RELATED APPLICATION (PRIORITY CLAIM)

This application claims the benefit of U.S. Provisional Application Ser. No. 62/560,030, filed Sep. 18, 2017, which is hereby incorporated herein by reference in its entirety.

BACKGROUND

The present invention generally relates to systems for sensing the rotational position of the louvers of a sieve and chaffer of a combine harvester, and more specifically relates to an improved louver sensing system.

Typically, grain and seed crops are harvested by having a combine harvester detach the grain from unwanted portions of the source plants and other matter, such as rocks and weeds. Specifically, a mixture of detached grain and other vegetation parts (i.e., material other than grain (“MOG”) is carried by a conveyer into the interior of the housing of the combine harvester for processing, to further separate the grain from the MOG. In the course of processing within the combine, the mixed grain and MOG are passed over sieves and chaffers which are agitated (i.e., shaken) and configured to permit the grain to fall, via gravity, through the sieve and chaffer for separation from the MOG.

FIGS. 1 and 2 illustrate portions of a typical sieve and chaffer (i.e., “sieve”) 10. As shown, the sieve 10 comprises a generally rectangular frame 12 and a plurality of overlapping banks of slats or louvers 14. The slats 14 define openings through which the grain falls (i.e., by gravity). Typically, each bank of slats 14 includes two or more slats separated by one or more dividers 16 which are connected to the frame 12. Each bank of slats is mounted end-to-end on a wire 18 which is rotatably mounted to the frame 12. A typical sieve is provided as being a single rectangular frame having one or more overlapping banks of slats.

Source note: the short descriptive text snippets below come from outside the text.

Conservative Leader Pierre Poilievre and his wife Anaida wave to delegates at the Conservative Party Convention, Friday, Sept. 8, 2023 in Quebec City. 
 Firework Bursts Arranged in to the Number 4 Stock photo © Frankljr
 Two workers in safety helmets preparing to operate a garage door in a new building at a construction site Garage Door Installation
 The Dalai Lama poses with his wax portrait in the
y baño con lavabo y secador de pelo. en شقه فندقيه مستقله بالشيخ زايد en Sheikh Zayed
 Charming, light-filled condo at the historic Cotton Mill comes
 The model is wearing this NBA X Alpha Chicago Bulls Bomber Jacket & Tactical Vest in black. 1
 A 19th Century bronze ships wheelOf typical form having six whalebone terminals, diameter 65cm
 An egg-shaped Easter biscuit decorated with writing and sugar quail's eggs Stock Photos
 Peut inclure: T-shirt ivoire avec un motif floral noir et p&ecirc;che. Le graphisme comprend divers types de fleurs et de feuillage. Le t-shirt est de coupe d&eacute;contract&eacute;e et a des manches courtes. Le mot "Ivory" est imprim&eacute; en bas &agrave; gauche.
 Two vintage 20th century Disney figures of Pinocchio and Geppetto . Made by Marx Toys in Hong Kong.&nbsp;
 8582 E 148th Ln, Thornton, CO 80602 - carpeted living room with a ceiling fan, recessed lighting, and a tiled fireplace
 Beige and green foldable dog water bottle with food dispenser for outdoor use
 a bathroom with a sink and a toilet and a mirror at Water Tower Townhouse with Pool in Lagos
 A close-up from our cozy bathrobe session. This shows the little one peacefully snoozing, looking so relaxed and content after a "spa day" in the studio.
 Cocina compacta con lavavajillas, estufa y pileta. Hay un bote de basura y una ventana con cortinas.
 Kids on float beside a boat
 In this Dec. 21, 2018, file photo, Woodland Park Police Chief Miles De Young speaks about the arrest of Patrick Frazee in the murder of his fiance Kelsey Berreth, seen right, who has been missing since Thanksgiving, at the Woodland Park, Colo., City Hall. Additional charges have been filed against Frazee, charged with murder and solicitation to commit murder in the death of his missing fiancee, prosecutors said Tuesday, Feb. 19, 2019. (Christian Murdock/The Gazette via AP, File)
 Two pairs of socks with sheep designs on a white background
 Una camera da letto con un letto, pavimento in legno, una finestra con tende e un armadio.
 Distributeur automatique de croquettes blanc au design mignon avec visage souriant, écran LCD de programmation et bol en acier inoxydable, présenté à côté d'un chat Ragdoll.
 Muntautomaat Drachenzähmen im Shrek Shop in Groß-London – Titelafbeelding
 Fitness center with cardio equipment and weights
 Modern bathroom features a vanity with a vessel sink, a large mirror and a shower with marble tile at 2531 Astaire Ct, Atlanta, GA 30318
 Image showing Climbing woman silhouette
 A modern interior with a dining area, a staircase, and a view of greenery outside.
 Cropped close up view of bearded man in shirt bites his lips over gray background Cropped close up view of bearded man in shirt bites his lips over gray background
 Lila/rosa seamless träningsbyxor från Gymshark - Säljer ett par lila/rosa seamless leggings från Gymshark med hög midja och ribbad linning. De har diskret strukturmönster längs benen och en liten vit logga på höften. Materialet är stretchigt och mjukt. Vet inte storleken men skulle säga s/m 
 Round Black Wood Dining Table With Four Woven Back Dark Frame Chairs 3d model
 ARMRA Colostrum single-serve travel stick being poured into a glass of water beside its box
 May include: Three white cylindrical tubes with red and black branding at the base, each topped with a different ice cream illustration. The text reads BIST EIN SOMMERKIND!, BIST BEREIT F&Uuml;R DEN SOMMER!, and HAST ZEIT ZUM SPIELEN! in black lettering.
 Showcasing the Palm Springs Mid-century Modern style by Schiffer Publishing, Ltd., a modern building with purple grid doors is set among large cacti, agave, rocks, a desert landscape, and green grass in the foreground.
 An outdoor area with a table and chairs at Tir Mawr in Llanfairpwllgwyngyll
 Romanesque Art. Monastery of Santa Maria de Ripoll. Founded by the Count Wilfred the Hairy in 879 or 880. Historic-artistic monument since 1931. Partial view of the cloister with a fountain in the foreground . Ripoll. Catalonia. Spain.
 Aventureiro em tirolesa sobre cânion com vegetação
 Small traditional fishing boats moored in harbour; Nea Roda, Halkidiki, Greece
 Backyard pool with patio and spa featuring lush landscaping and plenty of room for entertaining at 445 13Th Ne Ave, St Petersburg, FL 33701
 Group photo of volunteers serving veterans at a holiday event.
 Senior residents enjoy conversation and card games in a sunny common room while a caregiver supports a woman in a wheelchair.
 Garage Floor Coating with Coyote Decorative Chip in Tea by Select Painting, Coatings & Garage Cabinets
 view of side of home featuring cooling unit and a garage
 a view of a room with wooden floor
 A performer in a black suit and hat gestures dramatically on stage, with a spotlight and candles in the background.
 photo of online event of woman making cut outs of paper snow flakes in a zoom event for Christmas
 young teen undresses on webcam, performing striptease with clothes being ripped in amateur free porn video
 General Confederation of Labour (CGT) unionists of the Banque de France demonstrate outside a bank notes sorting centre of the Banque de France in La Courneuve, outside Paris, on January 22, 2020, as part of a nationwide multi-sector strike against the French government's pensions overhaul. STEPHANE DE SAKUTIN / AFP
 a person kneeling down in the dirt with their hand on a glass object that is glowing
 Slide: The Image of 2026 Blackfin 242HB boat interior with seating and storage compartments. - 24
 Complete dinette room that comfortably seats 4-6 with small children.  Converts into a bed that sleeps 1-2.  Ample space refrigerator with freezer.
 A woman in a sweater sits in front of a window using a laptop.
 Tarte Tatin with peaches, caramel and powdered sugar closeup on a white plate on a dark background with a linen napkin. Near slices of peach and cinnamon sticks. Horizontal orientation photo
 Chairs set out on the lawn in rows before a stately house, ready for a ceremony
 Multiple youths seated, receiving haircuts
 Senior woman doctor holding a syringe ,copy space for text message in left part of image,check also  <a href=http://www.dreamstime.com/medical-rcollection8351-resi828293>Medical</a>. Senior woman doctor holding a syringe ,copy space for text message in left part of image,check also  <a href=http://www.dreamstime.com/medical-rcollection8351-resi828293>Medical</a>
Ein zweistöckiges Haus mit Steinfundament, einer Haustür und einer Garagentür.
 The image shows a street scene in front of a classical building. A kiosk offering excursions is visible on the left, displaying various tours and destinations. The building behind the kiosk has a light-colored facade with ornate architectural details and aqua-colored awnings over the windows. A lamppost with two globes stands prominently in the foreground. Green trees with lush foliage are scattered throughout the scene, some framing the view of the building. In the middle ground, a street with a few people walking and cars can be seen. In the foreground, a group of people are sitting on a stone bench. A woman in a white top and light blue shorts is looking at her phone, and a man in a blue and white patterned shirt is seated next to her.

As shown in FIGS. 1 and 2, a sieve can also include a handle 20 which is connected to an elongated adjustment bar 22 which extends perpendicularly to the louver wires 18 and includes a plurality of longitudinally spaced recesses or apertures for engaging a crank on each wire 18, thereby controlling the angular disposition of the slats 14 and the size of the openings between the banks of slats. By this arrangement, the slats 14 effectively become louvers and can be adjusted, using the handle 20, to any position between fully open and fully closed. The sieve 10 is mechanically supported for reciprocal shifting movement or agitation (i.e., shaking) to cause the grain to separate from the MOG and fall downwardly through the openings between the banks of slats.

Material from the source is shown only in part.